This process of ranking everyone was completely subjective and I understand that might be a little dubious. I was worried at first how this kind of thing would be received, as it is pretty flawed in principle. I ended up running hundreds of simulations on subsets of 12 in our community and it ended up seeming more accurate than our data-driven system in the past. Since testing this system on pickup, we’ve had consistently balanced fort lobbies that I think the most skeptical are willing to over look the lack of actual data to support this structure. Which is the most I was hoping for.

I used some criteria that does grant players mobility within tiers should they improve, and I am also very open to expanding this system if a good suggestion comes my way.

The Math:
Each player is given a numerical value based on their corresponding tier (S=7, A=6, … F=1). The algorithm finds the 4 highest rated players in the queue and splits them randomly into two teams.

The numerical values are tallied across both teams so far.
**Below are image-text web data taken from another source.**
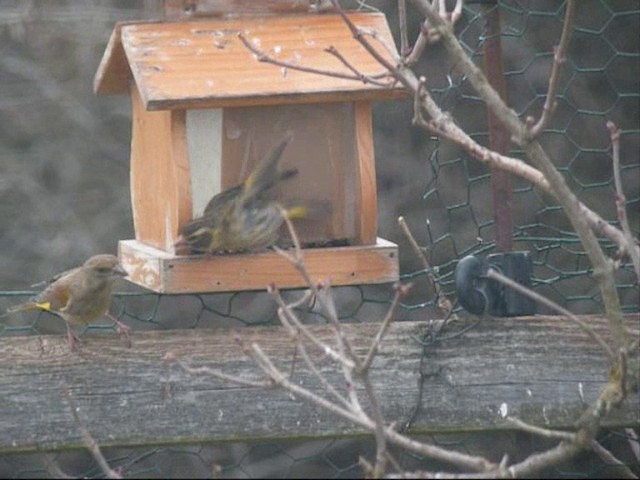 Yellow-breasted Greenfinch - ML201887481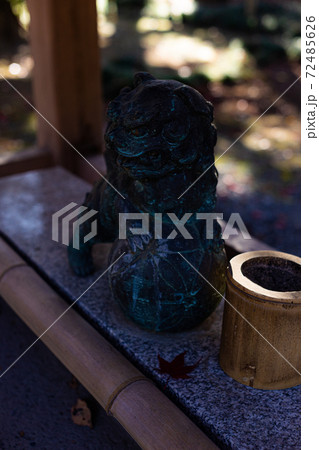 平林寺―手水の獅子 平林寺―手水の獅子 72485626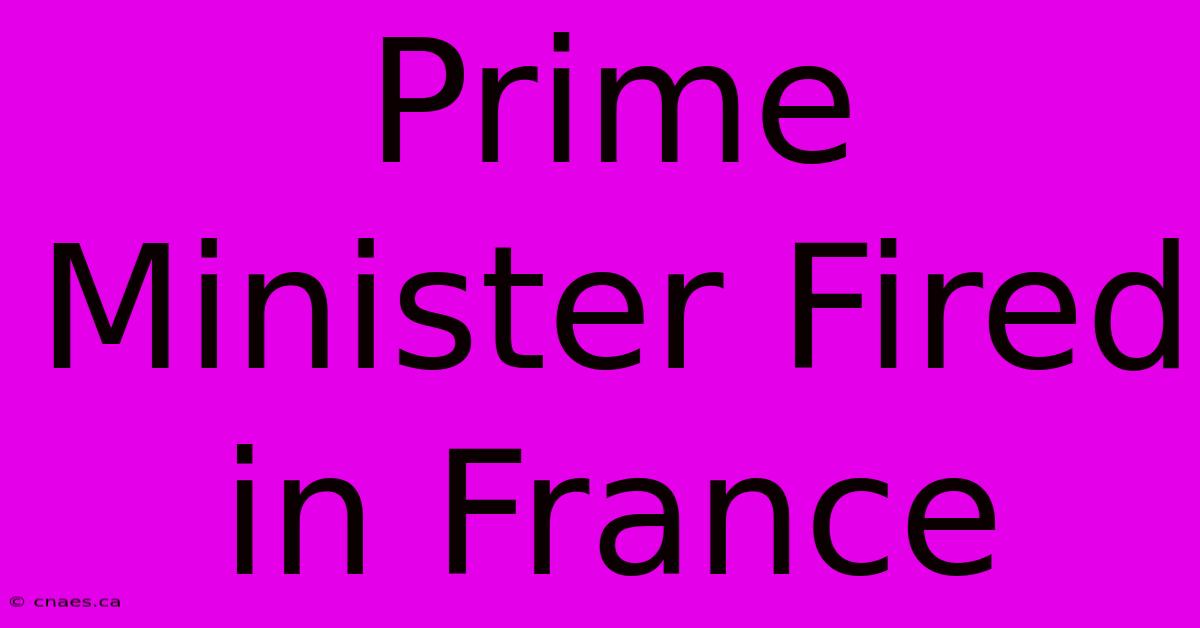 Prime Minister Fired In France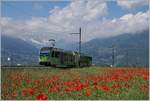 Der grüne TPC Beh 2/6 543 mitten in einem Mohnblumen- Meer  bei Vully.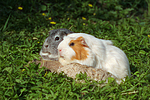 Glatthaarmeerschwein und Schopfmeerschwein / 2 guninea pigs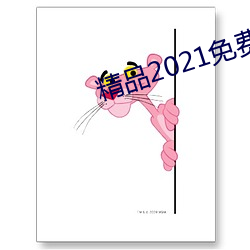 精品2021免费入口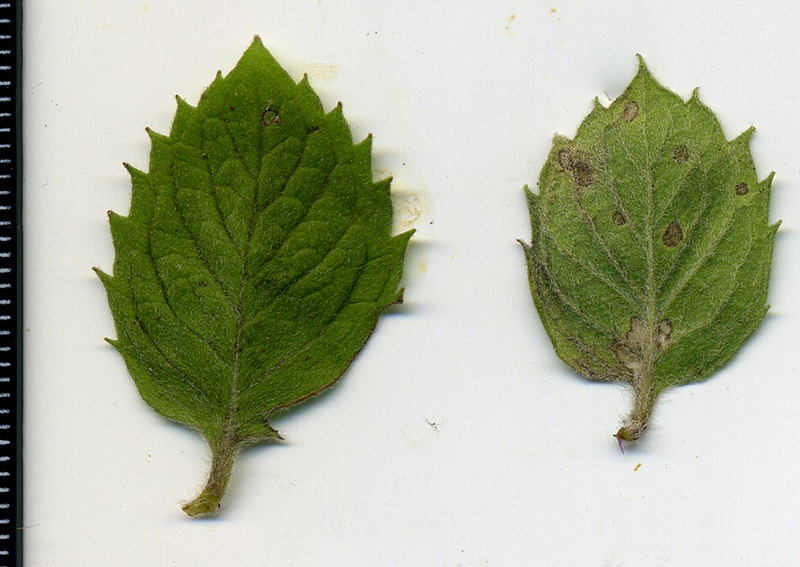 Image of Mentha × dalmatica specimen.
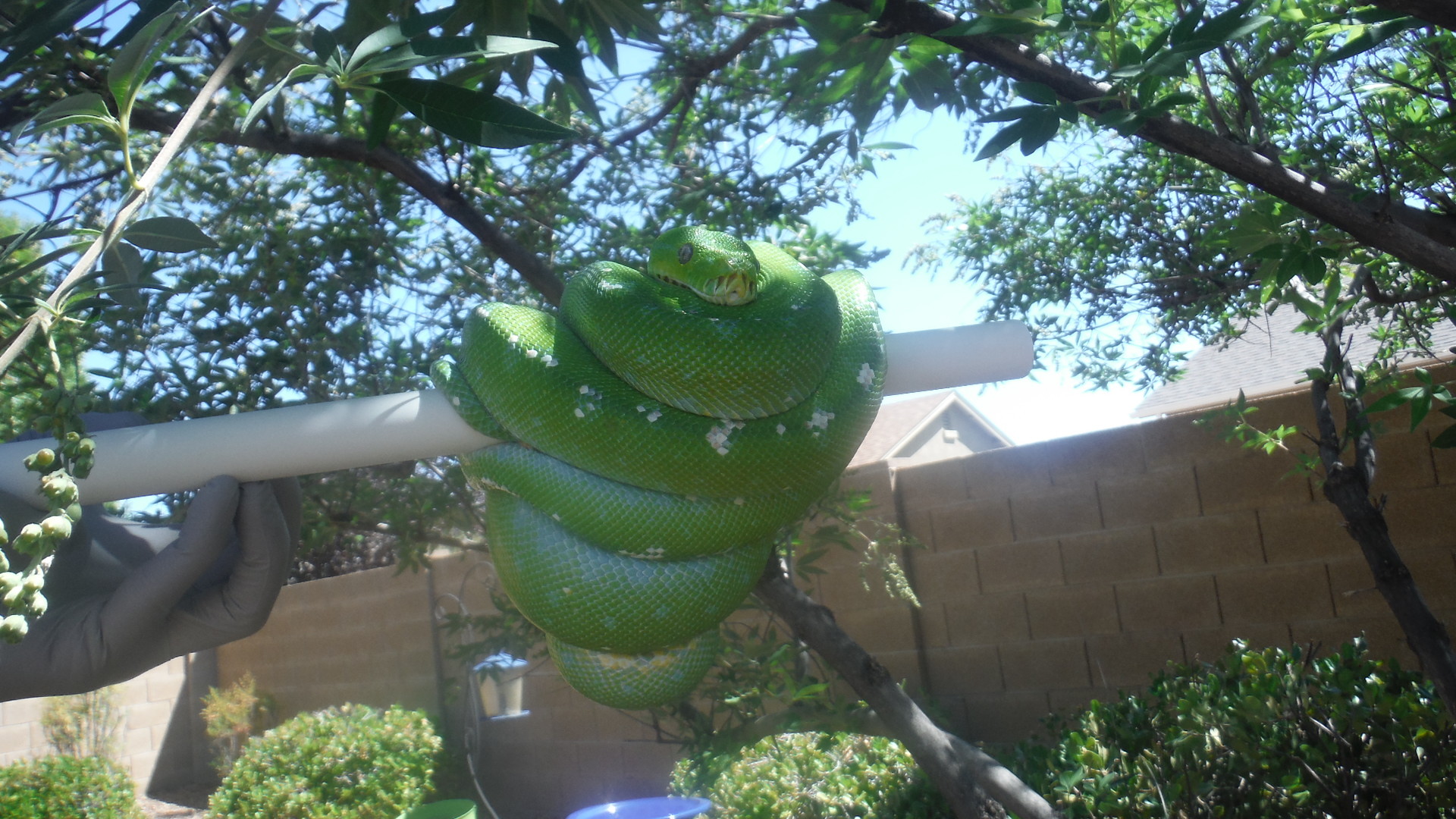 Aru Green Tree Python by Colubrid Dreams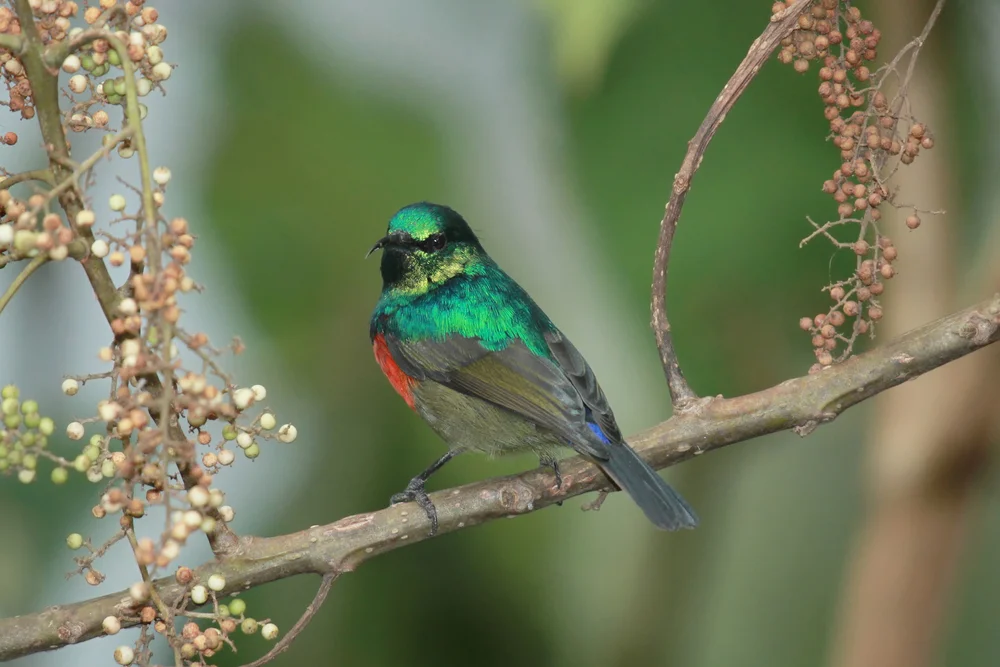 Reichenows Nektarvogel (Cinnyris reichenowi)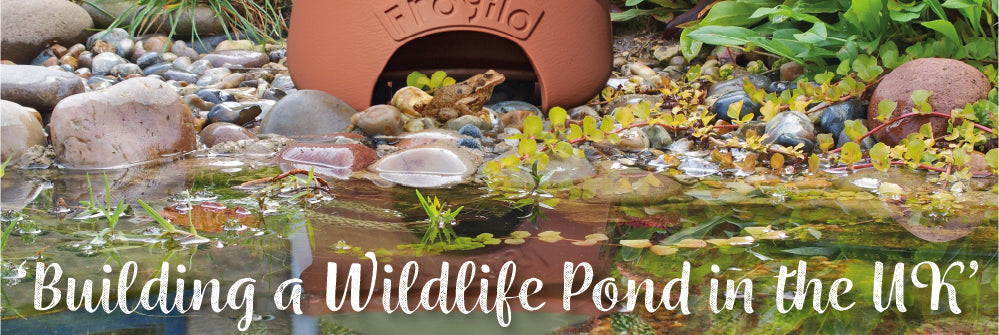 Creating a Wildlife Pond in the UK: Attract Frogs, Toads & Boost Biodiversity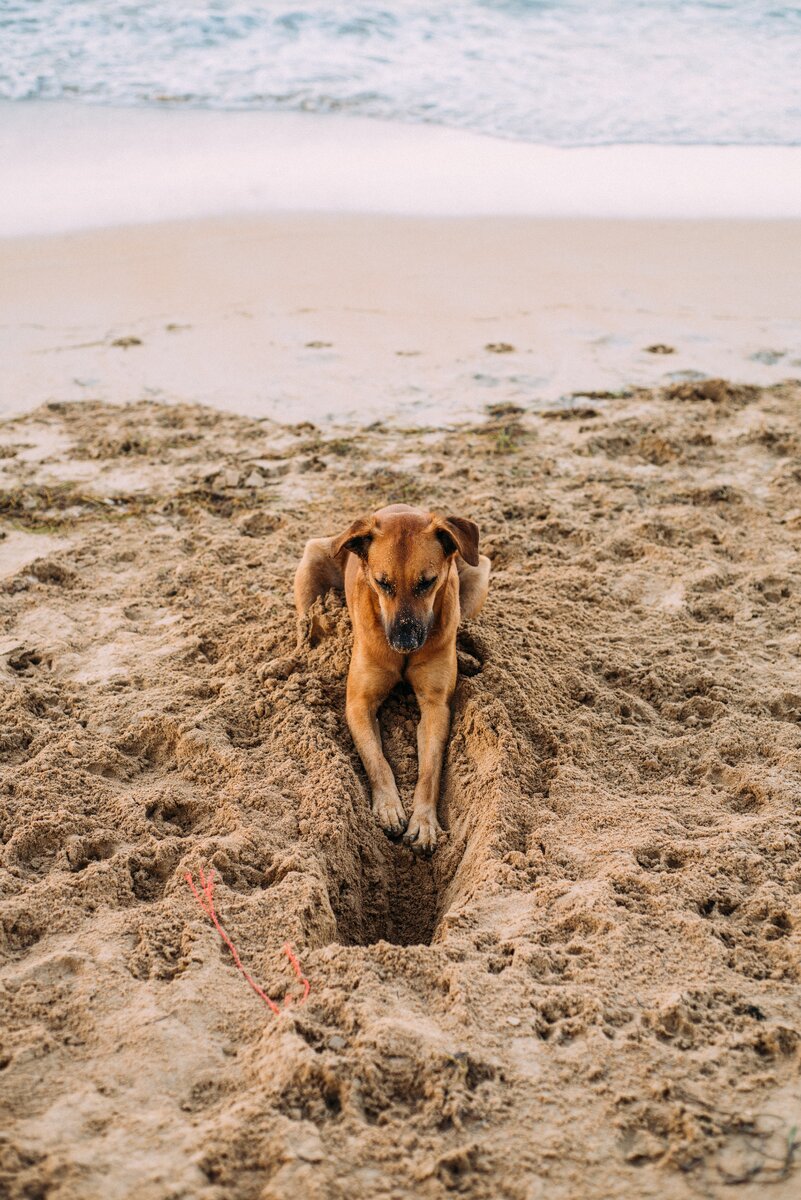 https://www.pexels.com/search/Bungou%20Stray%20Dogs/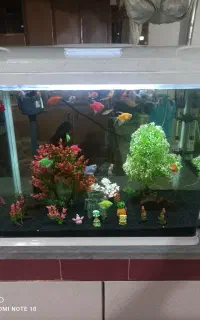 آکواریوم AQUA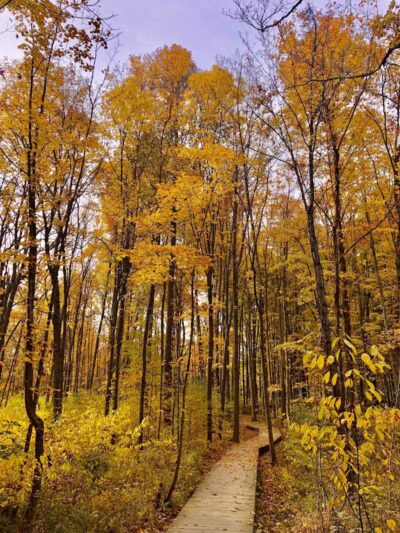 Wood Hollow Metro Park - Hudson, OH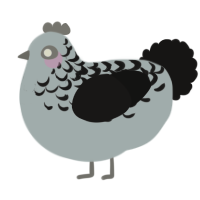A silver and sable chicken with a half-lace pattern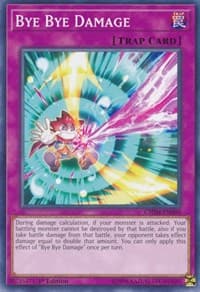 Bye Bye Damage: Chaos Impact
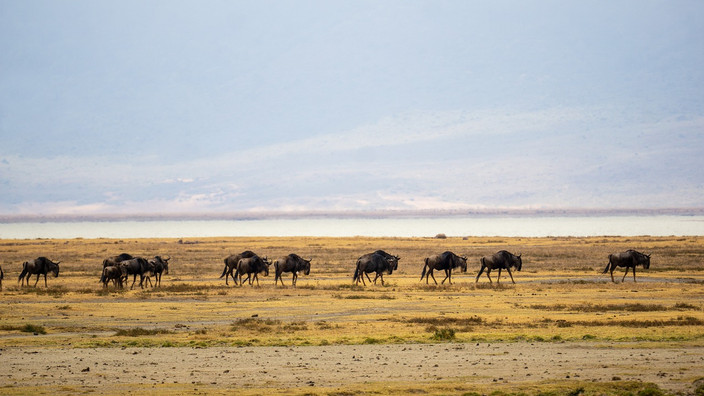 Zone de conservation de Karatu-Ngorongoro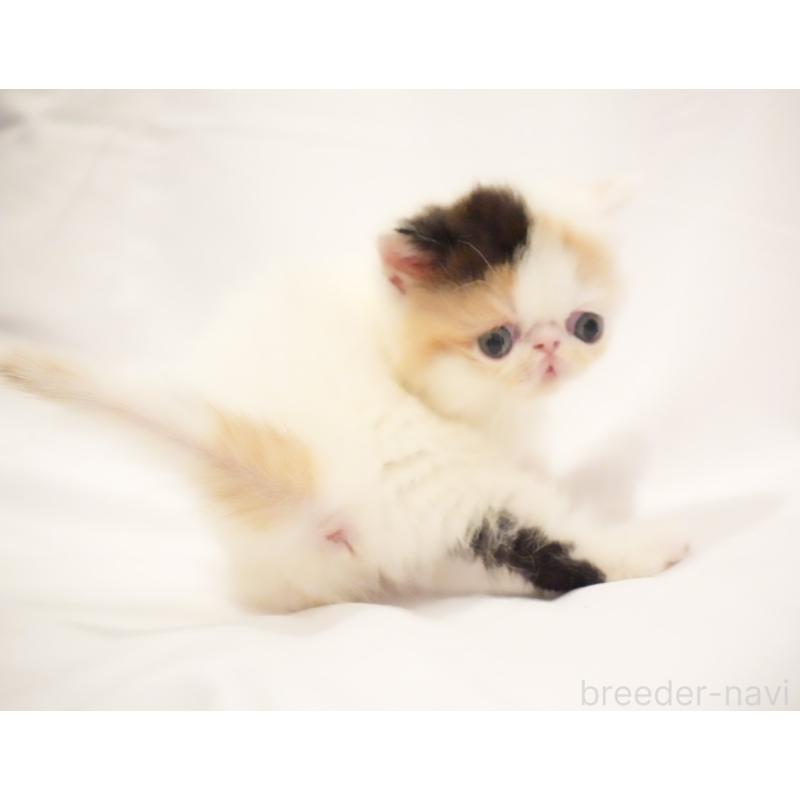 販売中の大阪府のエキゾチックショートヘア-134390の7枚目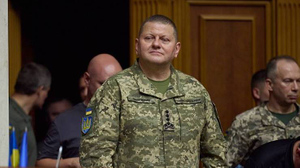 Украинский полковник раскрыл позывной главкома ВСУ Залужного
The team with the greater score is given the lowest ranked available player, and the team with the lower score is granted the highest ranked available player. If the teams have an equal score, they are each granted the highest ranked available player. This step is repeated until both teams are full.

There are also some checks in place for if the difference between teams tier rating score passes a certain threshold, the queue is then rerolled and the algorithm starts over with fresh teams. This measure is in place so as to not create teams too lopsided to where the initial split of players cannot be balanced around.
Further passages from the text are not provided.